If you have visited the Campania region, then you must have encountered this curious-looking puff pastries called sfogliatelle. And yep, that’s not a typo, no matter how the spellcheck may tell you otherwise. That is really how it’s spelled. As for how you pronounce it, you read it as sfol-ya-tel-le. And what is it exactly? It’s a puff pastry that has about the same texture as a croissant. But its shape is that of a shell or a lobster tail. And it can hold all kinds of yummy filling, such as a simple whipped cream or a special custard mixture with candied peels.

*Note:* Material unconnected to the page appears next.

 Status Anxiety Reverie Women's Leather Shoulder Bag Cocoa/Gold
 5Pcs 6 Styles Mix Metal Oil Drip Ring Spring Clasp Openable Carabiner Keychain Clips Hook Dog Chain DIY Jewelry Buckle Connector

Others even have almond paste as filling instead of a creamy custard.


Ingredients
THE DOUGH

  • 500 gr flour
  • 1 tbsp salt
  • 175 ml water more if needed
  • 25 gr honey
  • THE FILLING
  • 450 ml whole milk
  • 100 gr white sugar
  • 1 pinch salt
  • 150 gr semolina flour
  • 500 gr ricotta
  • 1 egg large
  • 1/2 teaspoon vanilla extract
  • 1 pinch cinnamon
  • 50 gr candied orange peel finely chopped

FOR BRUSHING/TOPPING

  • 150 gr unsalted butter or lard
  • Confectioner’s sugar

Instructions

  1. In a large bowl, combine the flour and salt. Add water and honey, and then mix to create a stiff dough. Then gradually add water.
  2. Place the dough on the counter and knead until it’s smooth and supple. Wrap in plastic wrap and refrigerate for 30 minutes.
  3. After 30 minutes, split the dough into 4 pieces. Get one piece, then roll through a pasta machine. Roll using the widest setting, then fold in half and roll again. Do the same on each dough. Repeat this process until you create smooth sheets by gradually decreasing the width on each roll.